Measurement - wind turbine
Measurement object wind turbine

Wind Turbine

To measure the noise emissions of wind turbines during operation is not a simple task. The turbines are 50 meters high, and surrounded by a noisy background. This application note shows why the Acoustic Camera is an ideal solution for such study cases. 

2D Outdoor

Free field mapping of wind turbine

For this purpose, a wind turbine has been measured at different wind speeds between 7 and 10 m/s. The noise emissions created by the turbine have been identified and localized with the software NoiseImage.

Application area

Acoustic analysis of wind turbines during operation, but also acoustic analyses of cabin noise (car, train, truck, airplane, etc.), motors, room acoustics measurements, and environmental acoustic measurements.

Measurement task

Outdoor mapping of a wind turbine, localization of sound in different frequency bands at different wind speeds.

Measurement object

Wind power turbine (3 rotor blades, performance under 1 MW, height of mast 50 m, blade length 20 m).

Measurement set up

The measurements have been carried out with the microphone array Star 48 and a 48 Channels Data recorder connected to a mobile power supply with up to 4 hours of autonomy.
During the measurement, a relatively loud background noise coming from the wind and other environmental sources were recorded. It was minimized with the help of a filter.
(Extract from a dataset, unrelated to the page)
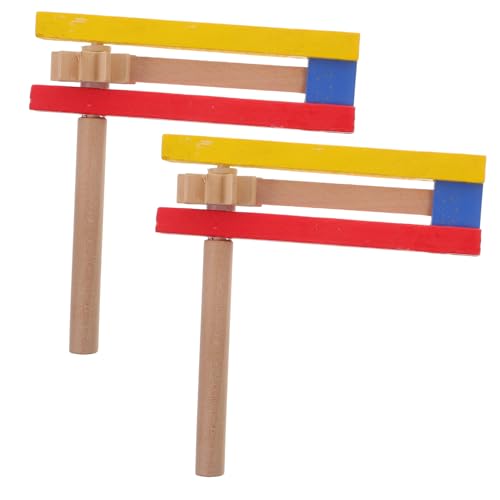 BESPORTBLE 2Stücke Holz Kastagnetten für Kinder Musikinstrument mit Langem Griff Pädagogisches Schlaginstrument Fördert Musikalisches Interesse für Spiel und Lernen BESPORTBLE 2Stücke Holz Kastagnetten für Kinder Musikinstrument mit Langem Griff Pädagogisches Schlaginstrument Fördert Musikalisches Interesse für Spiel und Lernen von BESPORTBLE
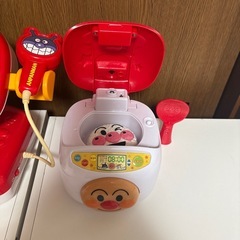 アンパンマン　レジ　炊飯器の画像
The main goal of the analysis was to form a conclusion about the focus of the noise emissions on a wind turbine. First, results of the A-weighted data show the flow noise at the blade tips, which depends on wind direction and wind turbine location in association with the position of the Acoustic Camera. For the measurement, the Acoustic Camera has been positioned slightly on the left behind the wind turbine. During the analysis of the blade noise, the acoustic focus was located to the left of the gear box which is the side with the shortest distances to the microphones.

For a comprehensive analysis, a whole rotation of one blade has been taken as calculation base. For the analyses, the software module Spectral Photo 2D has been employed which offers a pre-calculated location of the emissions for any frequency. The analysis led to the insight that the point of emission strongly depends on the observed frequencies. 

For the third octave band of 400 Hz the emission can be located clearly at the root part of the blade while this blade is turning downwards located at 140 degrees.

Looking at the frequency band from 706 to 891 Hz, it becomes obvious that the blade tips and also the gear box are emitting this flow noise.

It became clear that the higher frequencies are mainly emitted at the gear box while at the same time the hissing noises become visible as more quiet sources on the blade tips.

For further analysis a narrow band analysis was conducted – also with the help of the function Spectral Photo 2D. For this reason, the noise origin of the single peaks in the spectrum was analyzed. It was evident that the main source for this sine wave noise is the gear box.

Due to these results, a focus has been put upon the gear box itself. To focus onto a specific part of the measurement object it is not necessary to conduct a new measurement. The part of interest can easily be chosen during post-processing. By this proceeding it becomes clear that even at great distances it is possible to trace back certain frequencies to different emission points. In order to analyze the parts of the gear box themselves it is advisable to conduct a more detailed analysis from a shorter distance, possibly on a test bench.